Andrzejewski--rhymes with Kryzewski--impressed coaches and players on both sides with his scrappy style in his first collegiate game.

"[Andrzejewski] had so much guts," said Harvard quarterback Mike Giardi, a man who knows about poise behind a collapsing line. "He just hung in there."

Andrzejewski threw 36 times, completing 20 for 181 yards. He also threw three interceptions and was sacked five times. But those last numbers say more about the quality of Columbia's offensive line (think GE toaster after the warranty expires) than Andrzejewski's play.

Harvard junior Brian Ramer, who chased Andrzejewski all afternoon and intercepted him twice, grinned ruefully when asked about the Lion sophomore.

"Number 11? I thought I had him a few times, but he's a really strong guy," Ramer said. "He's an excellent quarterback and reads the blitz well.
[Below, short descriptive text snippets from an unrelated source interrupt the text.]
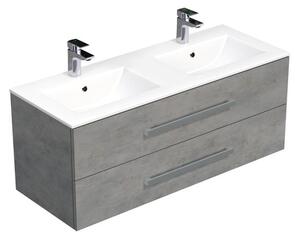 Fürdőszobaszekrény mosdókagylóval SAT Cube Way 120x53x46 cm betonszőnyeg CUBE46161202BEMOD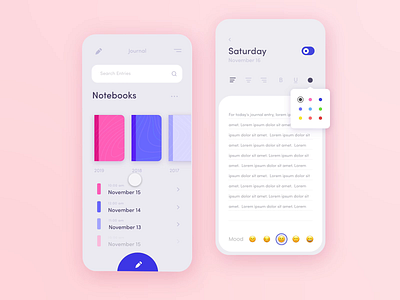 ✏️Journalling App Dark vs. Light Mode daily dark dark mode dark theme dark ui diary draw journal journal app journalling light mode mood mood app note pencil toggle ui write writing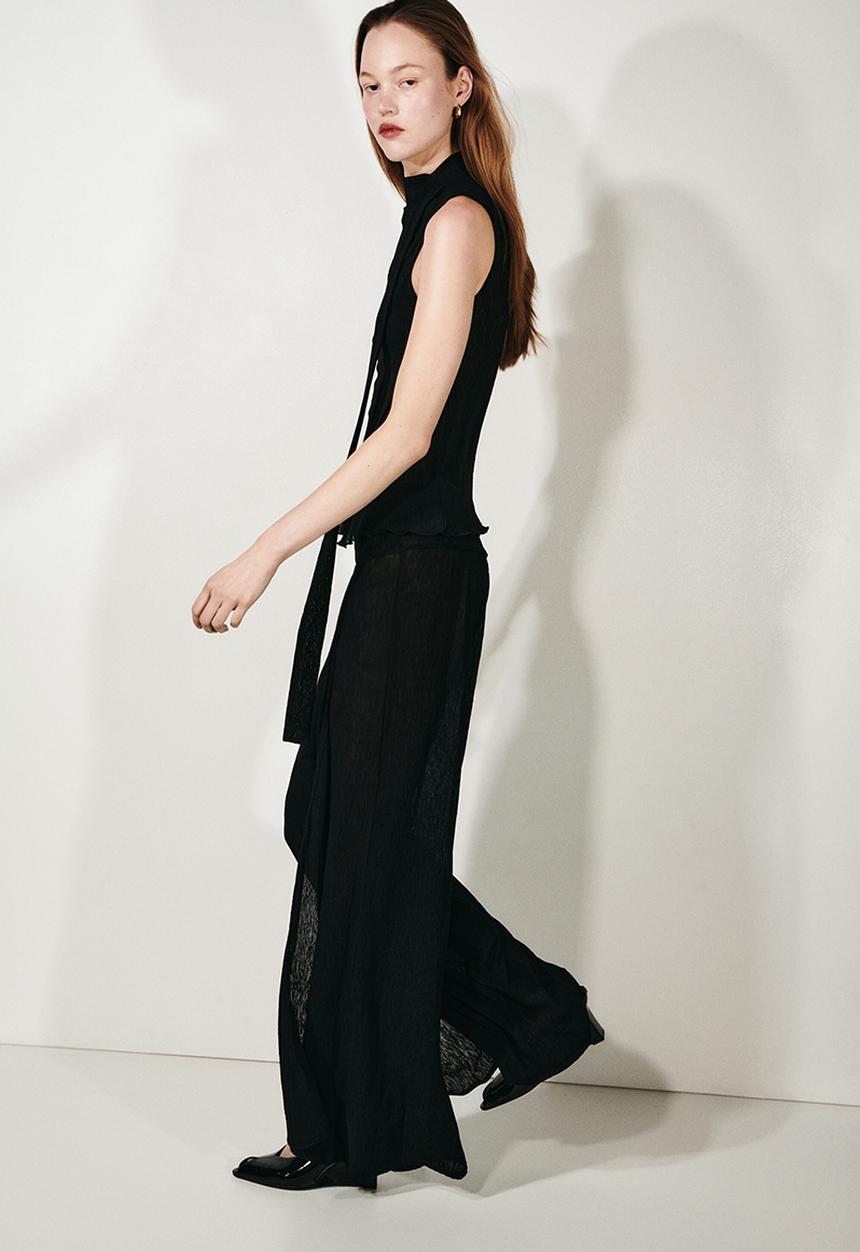 H&M - Crinkled wrapover trousers - black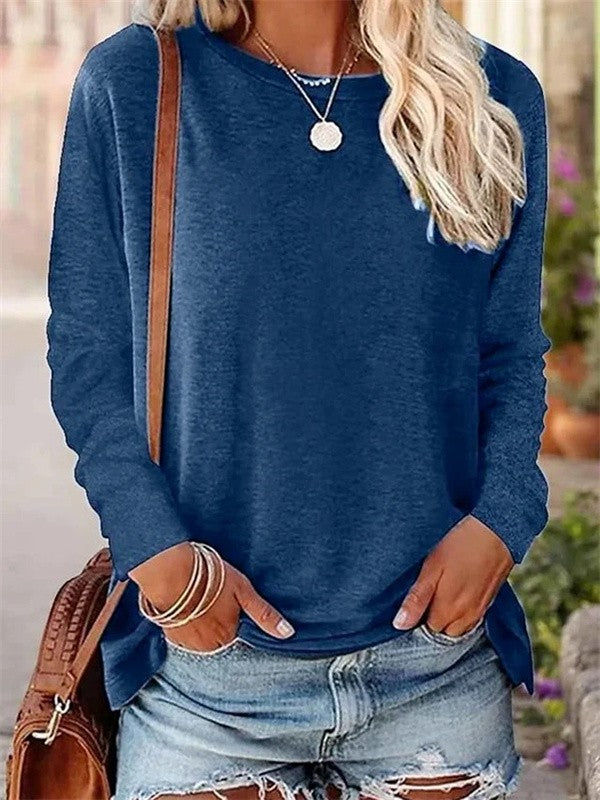 Women's soft knit blouse relaxed fit long sleeve crew neck casual top with natural drape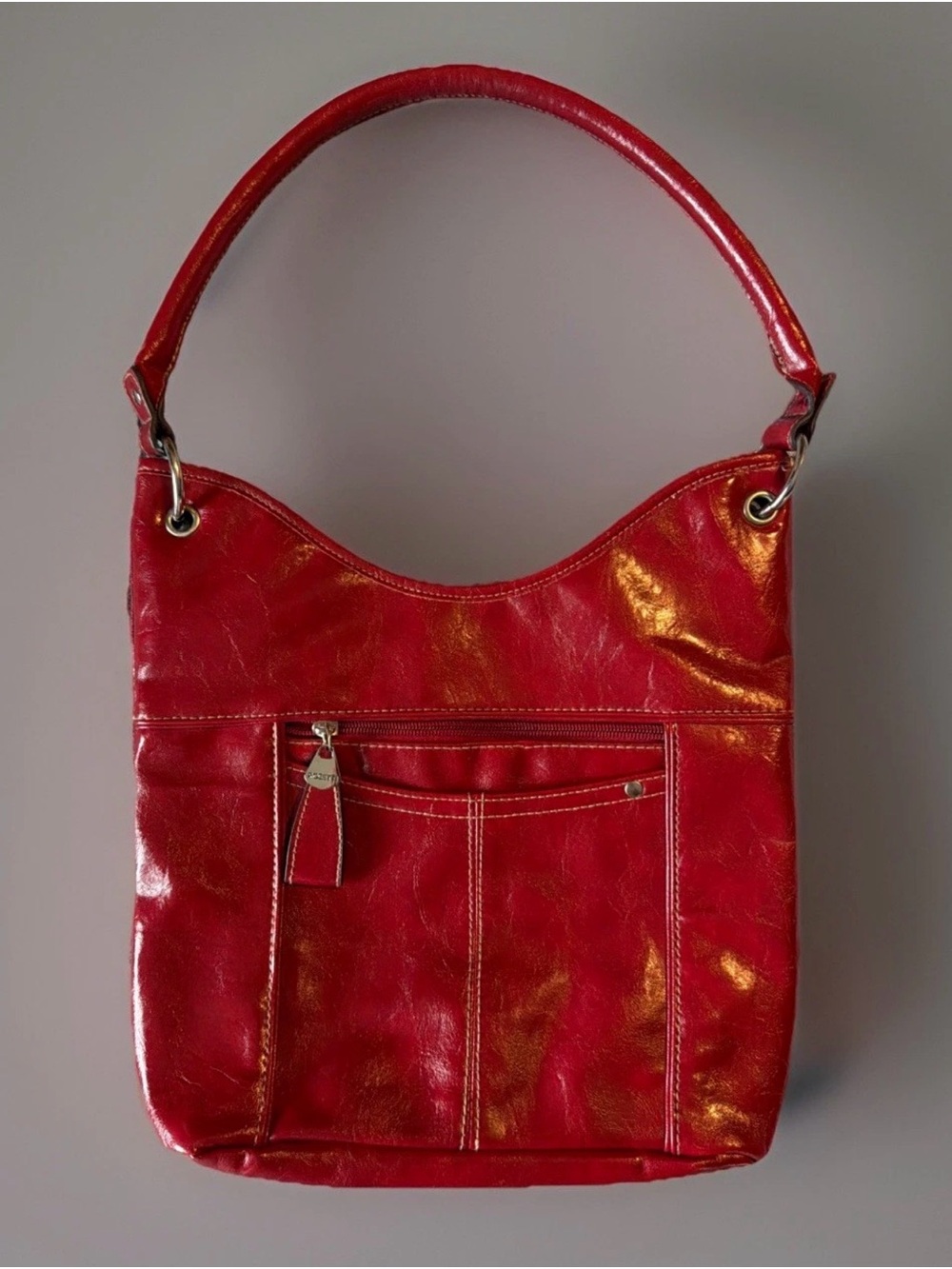 Vintage Rosetti Shoulder Bag Red Faux Leather Hobo Purse Silver Hardware Used.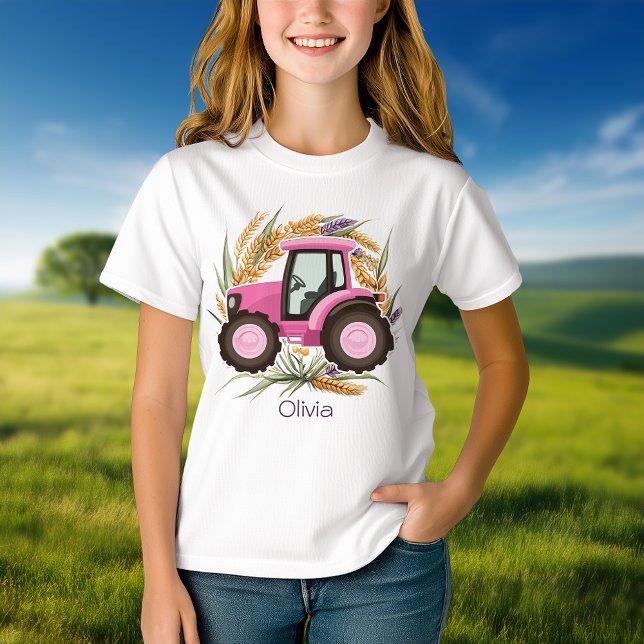 Girls Pink Farm Tractor Personalized Girly T-Shirt (Girls Pink Farm Tractor Personalized Girly T-Shirt)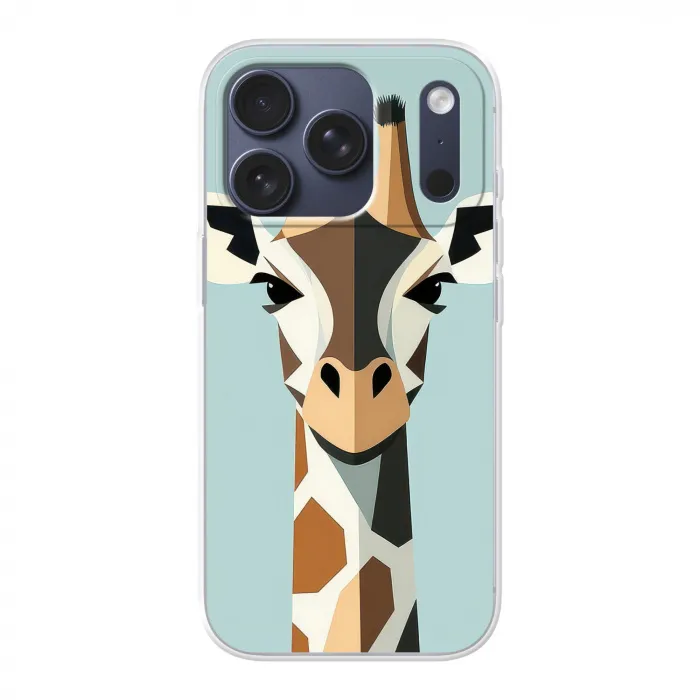 Giraffe - Illustratie - Bruin - Minimalistisch Telefoonhoesje iPhone 17 Pro klein -3d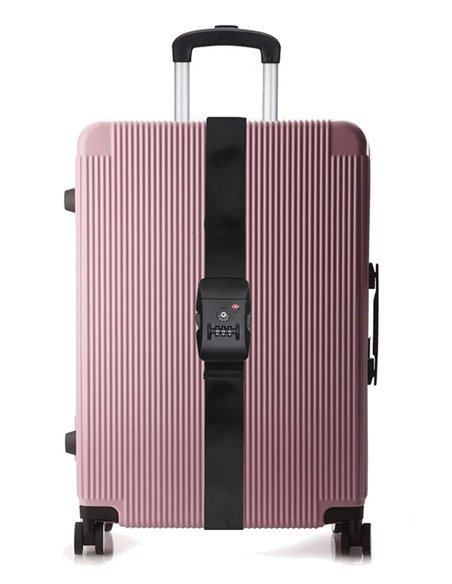 HOME USE ιμάντας βαλίτσας HUH-0245 με λουκέτο συνδυασμού TSA, ρυθμιζόμενος, 2m, μαύρος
He kept running away from me, though."

Columbia Coach Ray Tellier said he was "real pleased" with his QB. He should be. Maybe next year the Lions could have something.

Or maybe not.

Des "Boom Boom" Werthman: Columbia is so thin at fullback, Tellier turned to his superstar middle linebacker to add some punch to the backfield. Thus, Des Werthman (10 tackles, two assists and a forced fumble against Harvard) found himself with the ball in goal line situations.

Werthman was hardly the dominating goal-line pilemover Tellier was hoping for. In the second quarter, Werthman twice tried to score from the I and failed. All told, his numbers (five carries for five yards and two TDs) were solid but unspectacular.

He may be one of the best linebackers in the Ivy League, but he's no Refrigerator.

(II)logical Multiflex: Restic's Multiflex is situation-oriented: in a certain situation against a certain defense, a certain play will be called, often regardless of the personnel.

This sometimes fails to take full advantage of the talent on the field. The latest exhibit is senior fullback Mike Hill.

Hill had an exceptional first half against Columbia, running 11 times for 84 yards--more than double his career total. Logic would predict that Hill would be the primary ball carrier in the second half.

The Multiflex, however, sometimes invents its own logic. In the second half, Restic gave the ball to Hill a mere four times. The Leverett senior ended up losing two yards, giving him 82 yards on the day.

So goes the Socratic Multiflex.

Fied-ler of Dreams: The Ivy League Offensive Player of the Week was Dartmouth quarterback Jay Fiedler, who tied an Ancient Eight record with five touchdown passes against Pennsylvania. Fiedler ended the day 15 of 26 for 203 yards.

Defensive Player of the Week honors went to Princeton linebacker Aaron Harris, who made an amazing 13 solo tackles (17 overall), blocked on extra point and killed Cornell's final drive with a fourth-down pass breakup.

Tops in Defense: Harvard tops two statistical categories in the Ivy League: rushing defense and total defense. The Crimson allowed just 13 yards on the ground and 194 yards overall against Columbia. Dartmouth is next best, with 254 yards allowed.

Ramer is tied for first in the league in interceptions. But like .400 averages and projected 92 home run seasons, these stats won't last the month.